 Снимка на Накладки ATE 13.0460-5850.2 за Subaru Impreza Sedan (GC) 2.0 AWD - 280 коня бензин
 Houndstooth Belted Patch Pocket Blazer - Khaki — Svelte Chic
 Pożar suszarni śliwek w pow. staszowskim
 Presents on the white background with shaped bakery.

--

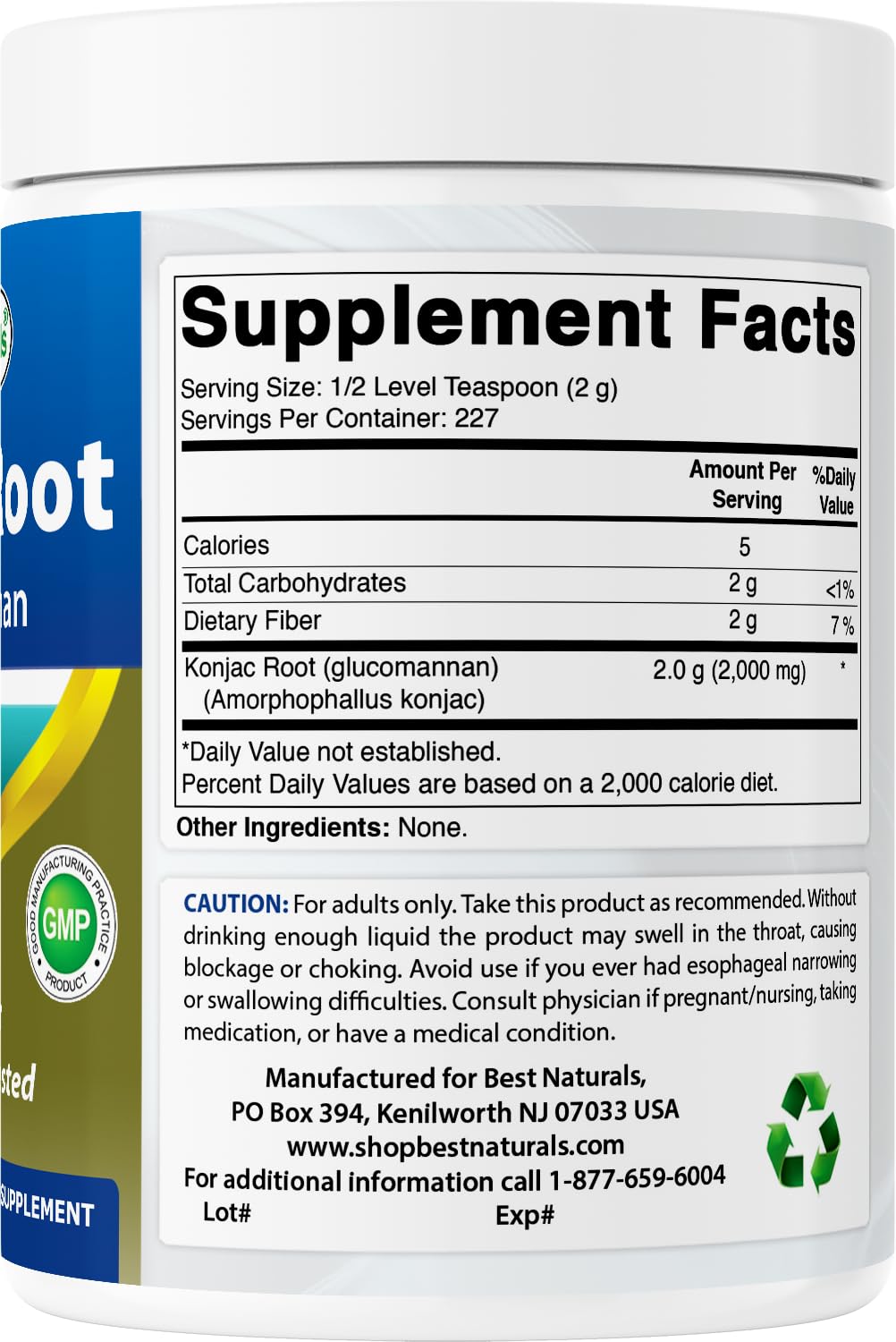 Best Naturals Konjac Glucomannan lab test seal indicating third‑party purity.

= Exercise prompt =
Reproduce only the lines above spanning from the line containing "Houndstooth Belted Patch" through the line containing "Presents on the", word for word.

= Solution for this problem =
 Houndstooth Belted Patch Pocket Blazer - Khaki — Svelte Chic
 Pożar suszarni śliwek w pow. staszowskim
 Presents on the white background with shaped bakery.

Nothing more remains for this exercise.